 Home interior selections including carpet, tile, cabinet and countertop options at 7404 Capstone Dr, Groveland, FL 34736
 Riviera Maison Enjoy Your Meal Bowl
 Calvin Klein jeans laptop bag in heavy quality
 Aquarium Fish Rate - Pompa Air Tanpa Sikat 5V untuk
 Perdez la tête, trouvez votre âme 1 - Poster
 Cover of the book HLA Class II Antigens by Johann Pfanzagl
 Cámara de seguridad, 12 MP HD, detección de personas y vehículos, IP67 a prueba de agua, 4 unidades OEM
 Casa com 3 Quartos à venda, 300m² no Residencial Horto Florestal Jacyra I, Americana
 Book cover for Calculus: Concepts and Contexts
......
Each line from the one containing "Cover of the" through the end of the material should be restated word for word; leave out every line before it.

● **Result below**:
 Cover of the book HLA Class II Antigens by Johann Pfanzagl
 Cámara de seguridad, 12 MP HD, detección de personas y vehículos, IP67 a prueba de agua, 4 unidades OEM
 Casa com 3 Quartos à venda, 300m² no Residencial Horto Florestal Jacyra I, Americana
 Book cover for Calculus: Concepts and Contexts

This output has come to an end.